Dieser Definition zufolge sind also Furcht und Sorge potentiell positiv, was sie natürlich nicht vor der Möglichkeit schützt, auch irrig aufs falsche Objekt gerichtet oder übertrieben zu werden oder überhaupt unbegründet zu sein. Angst dagegen bestimmt mich und mein Handeln grundsätzlich immer auf vernunftlose oder vernunftwidrige Weise. Darum ist sie schlecht, und hinter allem Schlechten – also Unwahren –, was uns eingegeben wird, steht direkt oder indirekt der »Vater der Lüge«.
Propter Sion non tacebo, | ſed ruinas Romę flebo, | quouſque juſtitia
rurſus nobis oriatur | et ut lampas accendatur | juſtus in eccleſia.

Benutzeravatar
Peregrin
Beiträge: 5422
Registriert: Donnerstag 12. Oktober 2006, 16:49

Re: Angst und Ängste

Beitrag von Peregrin »

Robert Ketelhohn hat geschrieben:Angst hat also mit Beengung zu tun, mit dem Gefühl der Beklemmung, Ohnmacht, Blindheit (Angst im Dunkeln!). Angst ist immer vollständig irrational. Aber auch kein bloßer Reflex der Instinkte, sondern der Reflex schlägt sich aufs Gemüt und ruft eine emotionale Verfassung hervor, die rational zunächst nicht steuerbar ist.

...

Angst ... bestimmt mich und mein Handeln grundsätzlich immer auf vernunftlose oder vernunftwidrige Weise.
Angst ist "irrational", insofern sie an der Vernunft vorbei wirkt, soweit stimme ich zu. Aber sie ist deshalb nicht sinnlos.

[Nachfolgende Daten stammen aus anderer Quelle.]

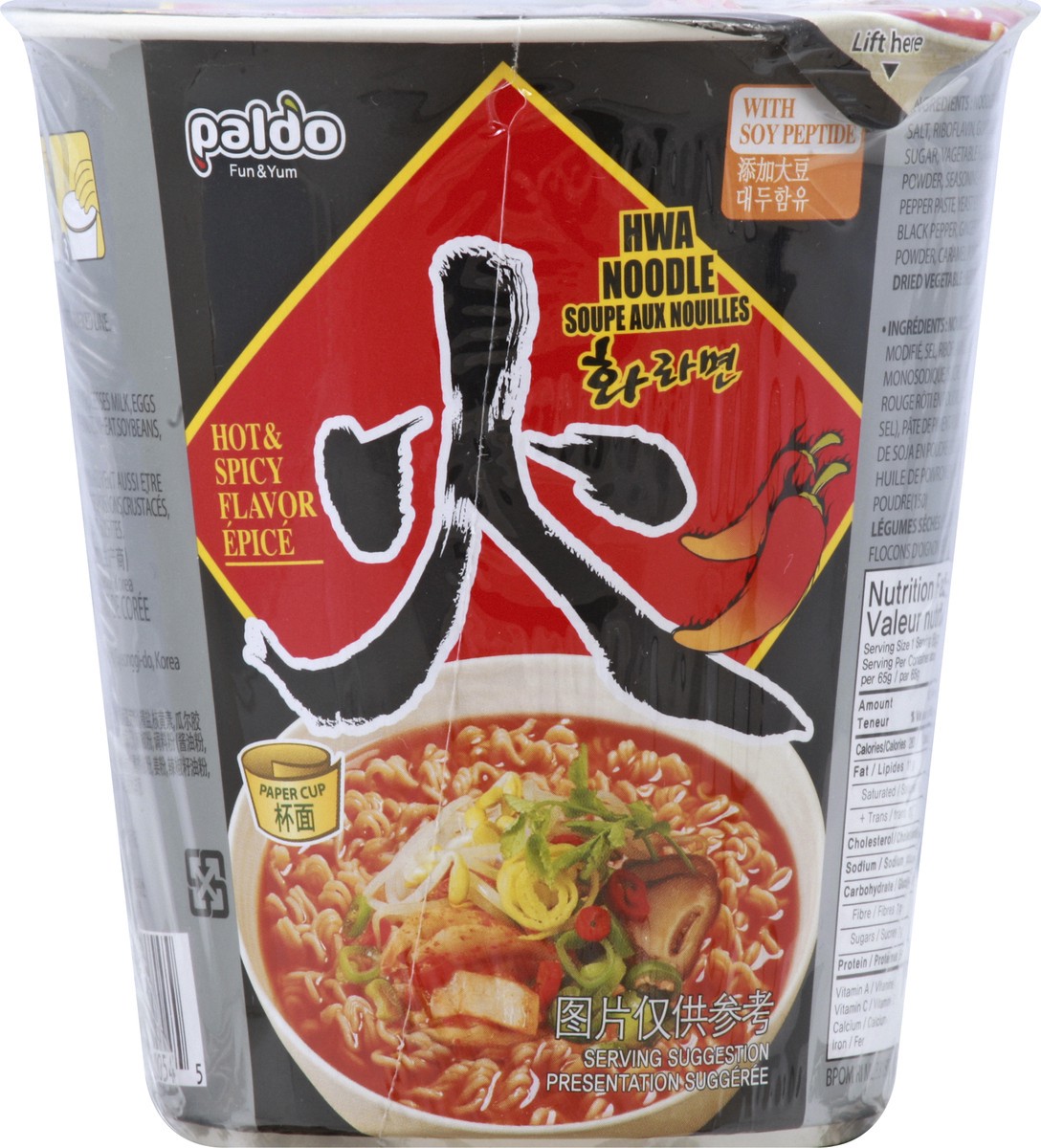 slide 3 of 10, Paldo Hwa Noodle 2.29 oz, 2.29 oz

Der Grund für Angst - für den von Dir beschriebenen Komplex - ist das Fehlen von Information über die Vorgänge in der Umgebung, im Gegensatz zur Furcht, wo das Wissen um eine bestimmte Gefahr die Anspannung hervorruft. (So befällt etwa die erwähnte "Angst im Dunkeln" vornehmlich jene, die gewohnt sind, sich auf ihren Gesichtssinn verlassen zu können. Vgl. auch den Ursprung des Wortes "Panik".)

Ihre Wirkung besteht grundsätzlich im Hervorrufen einer ungerichteten Fluchtreaktion, dh "einfach raus" aus dem dunklen Wald, dem Spukhaus, dem schlecht beleuchteten Park etc. Der Sinn dieser Reaktion besteht im Herstellen von Distanz zur unüberschaubaren Situation, was im Fall, daß keine tatsächliche Gefahr besteht, meistens wenig schadet, im anderen Fall aber sehr viel nützt.

Daß hierbei die Vernunft umgangen werden muß, ist klar - die Informationen, die eine Analyse der Situation ermöglichten, fehlen ja eben. Sie zu sammeln würde Zeit kosten und ein Verweilen in der möglichen Gefahrenzone erfordern: Einem Hinterhalt wird man zB meistens nicht entkommen, indem man auf das "Bauchgefühl", das "was nicht stimmt", sich hinsetzt, tief durchatmet, und einmal in Ruhe überlegt, was einen eigentlich nervös gemacht hat.
Ich bin der Kaiser und ich will Knödel.